In their first encounter with the Persian army at the Battle of Marathon, the Athenians proved victorious using a military tactic later known as the Pincer movement; the same tactic was used by General Patton against Rommel on the African front.

This is also the battle that inspired the famous 42-kilometer marathon run—the exact distance from Marathon to Athens.

At this same point, you will pass very close to Tatoi Forest on your left which holds a well-known secret.

The dense nature of Tatoi, sitting on the foothills of Mount Parnitha has been preserving royal history for centuries.

The 10,000-acre estate you will find there was once the residence of the Royal Family of Greece. In 1872 King George first bought the Tatoi estate and the humble 2-storey house within. Since then stables, warehouses, barracks, a winery, a cemetery, and countless other buildings joined the estate.

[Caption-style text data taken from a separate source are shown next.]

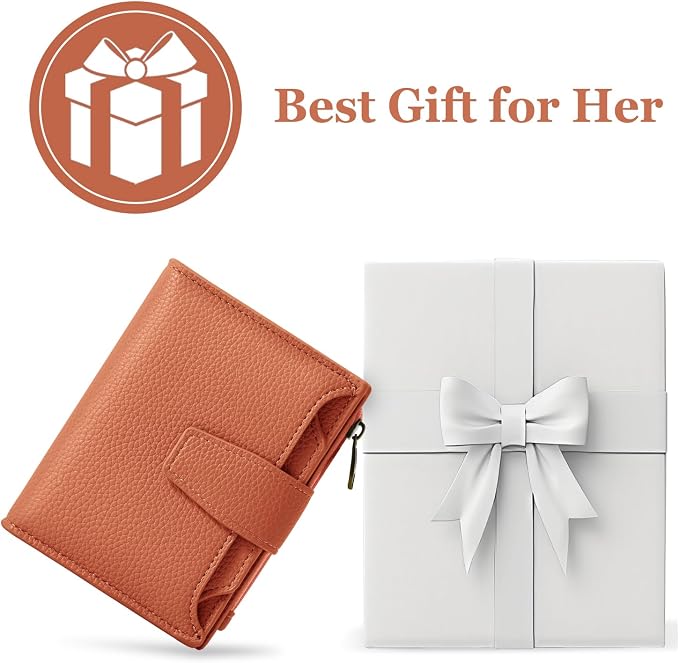 Small Wallet Women RFID Blocking Soft Leather Bifold Compact Card Holder Wallet for Women with Zipper Coin Pocket 4 ID Window - Image 7
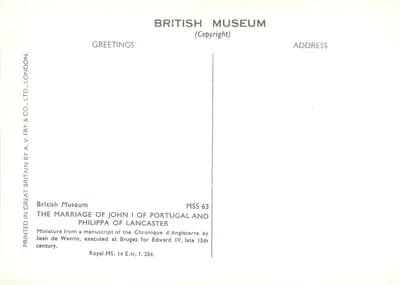 Ślub Jana I z Portugalii i Filipa z Lancaster — miniatura z rękopisu Jana de Wavrin — wydawca A.V. Fry & Co. Ltd. — Rewers
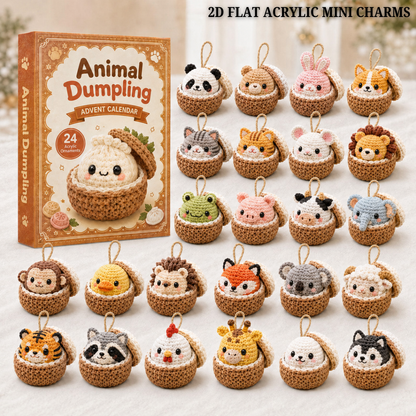Animal Dumpling Advent Calendar 2026 - 24-Day Festive Countdown, Acrylic Charms Blind Box - Gift For Crochet Lovers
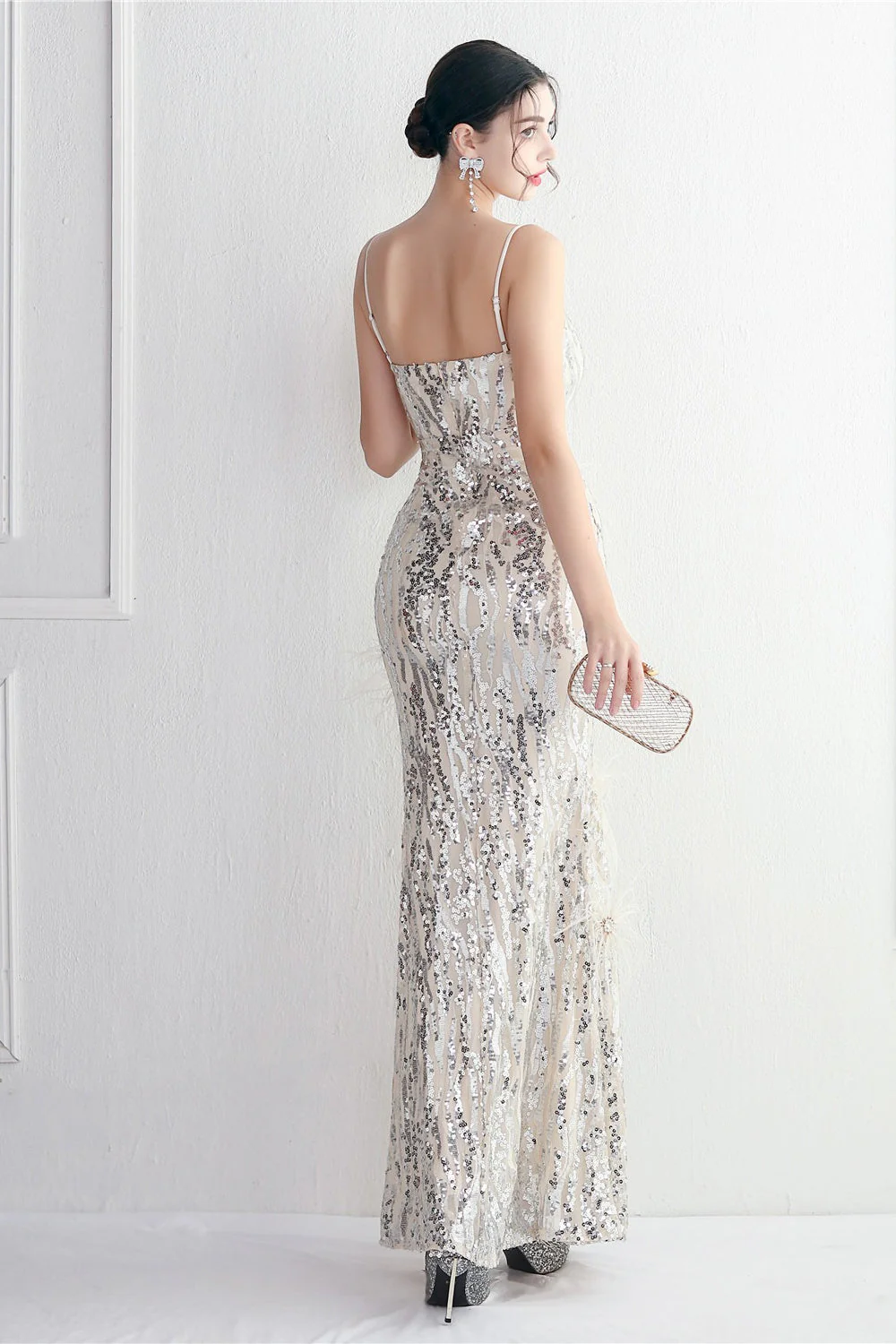 Intricate Beadwork Figure Hugging Gown Formal Dress - Image 18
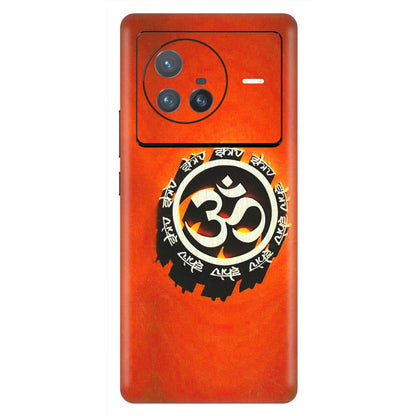 VIVO Z/V/X/T/U/S Series Phone Skins (All Models) - Aum Shiv Orange - 3D Embossed Finish (L-32) Vivo X80 (5G)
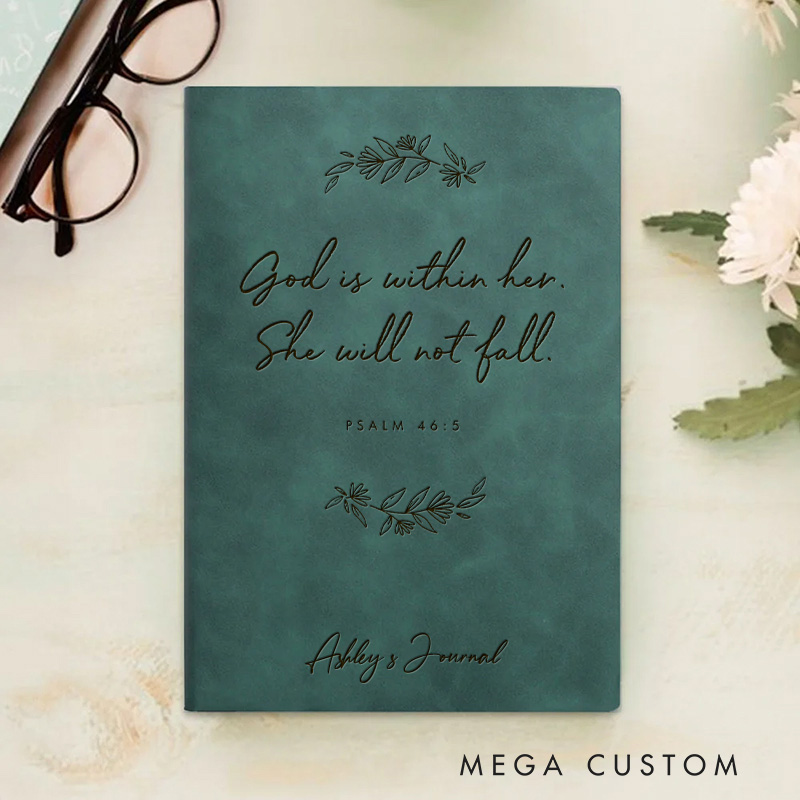 Personalized Psalm 46:5 Prayer Journal Leather A6 Devotional Notebook with Name Custom Christian Notebook Religious Faith Gift Christian Gift for Her
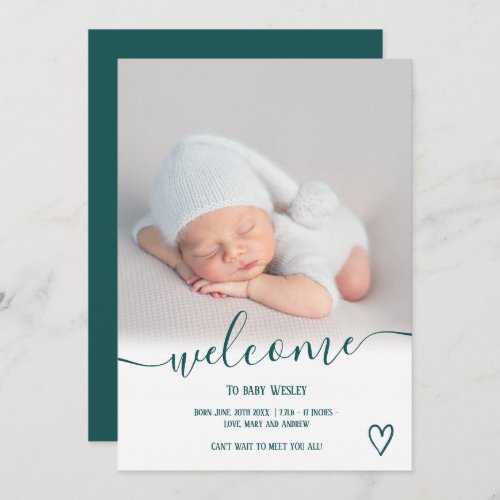 Welcome teal script heart photo boy baby birth announcement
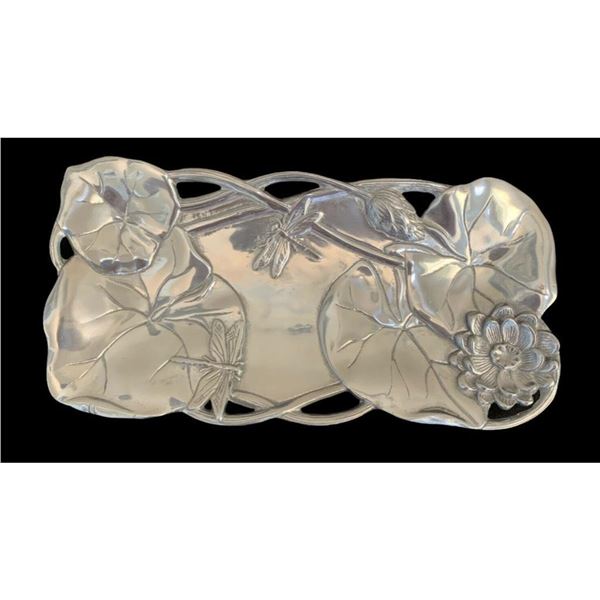 Arthur Court Silver Lotus Dragonfly Bread Tray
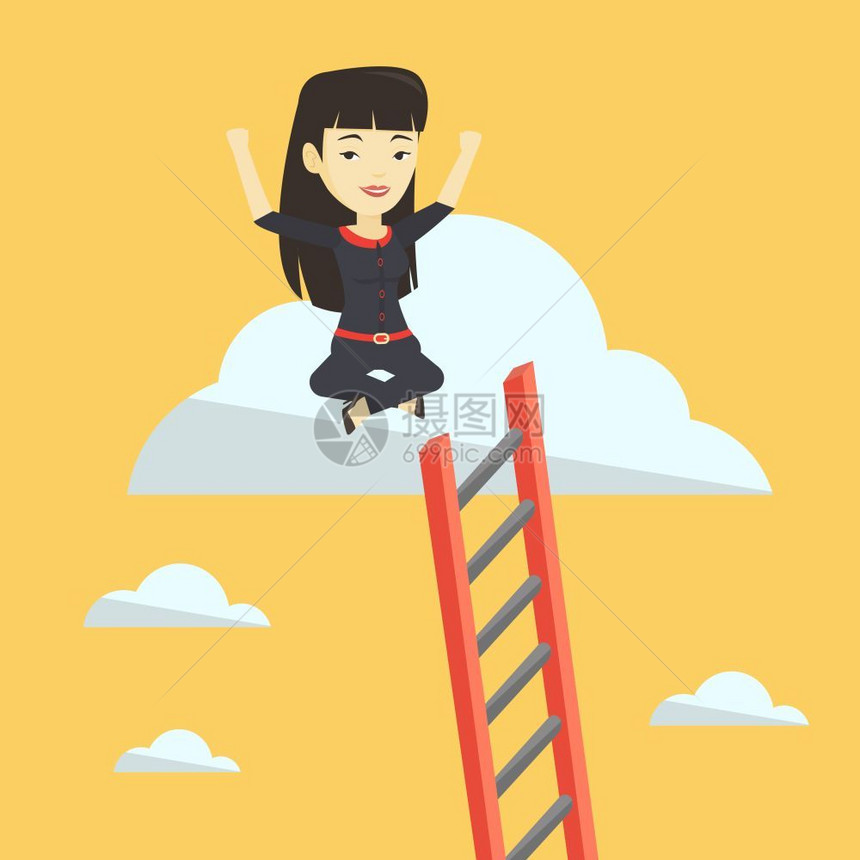 在梯子云上举起手来的亚洲女人矢量插图图片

After the Royal Family evacuated in 1967, the estate was left to the elements. Abandoned by the Greek state, the grand buildings fell into neglect, slowly reclaimed by the surrounding forest and vandals who sought to keep pieces of the treasures within.

Thankfully, there is talk of bringing the estate back to its former glory for the public to enjoy.

There is no official date yet, but the 55 buildings, 27 monuments, and thousands of historical objects found within may very soon be housed in a brand-new palace museum.

Continuing further, just after passing Oinoi, you will see the sea and a part of Euboea to your right.

Before The Journey to Troy!

Let me tell you a story.

While movies about the 300 Spartans and the Trojan War continue to captivate audiences, your journey in this part of Greece can uncover stories even more compelling. Like Strabo, the famed geographer who traversed the world, you are on the brink of discovering Aulis.

Today, Aulis is a small town, but it was once a significant ancient Boeotian city. Historically, it is renowned as the port from which the Achaean fleet set sail for the Trojan War.

According to myth, while the Achaeans stayed in Aulis, Agamemnon received an oracle demanding he sacrifice his daughter, Iphigenia, at the temple of Artemis to secure favorable winds for the fleet. The great playwright Euripides immortalized this tale in his tragedy “Iphigenia at Aulis.” If you are fortunate, you might even catch a performance at the ancient theater of Epidaurus.

From here, I urge you to leave the National Highway and take the road leading to Thebes.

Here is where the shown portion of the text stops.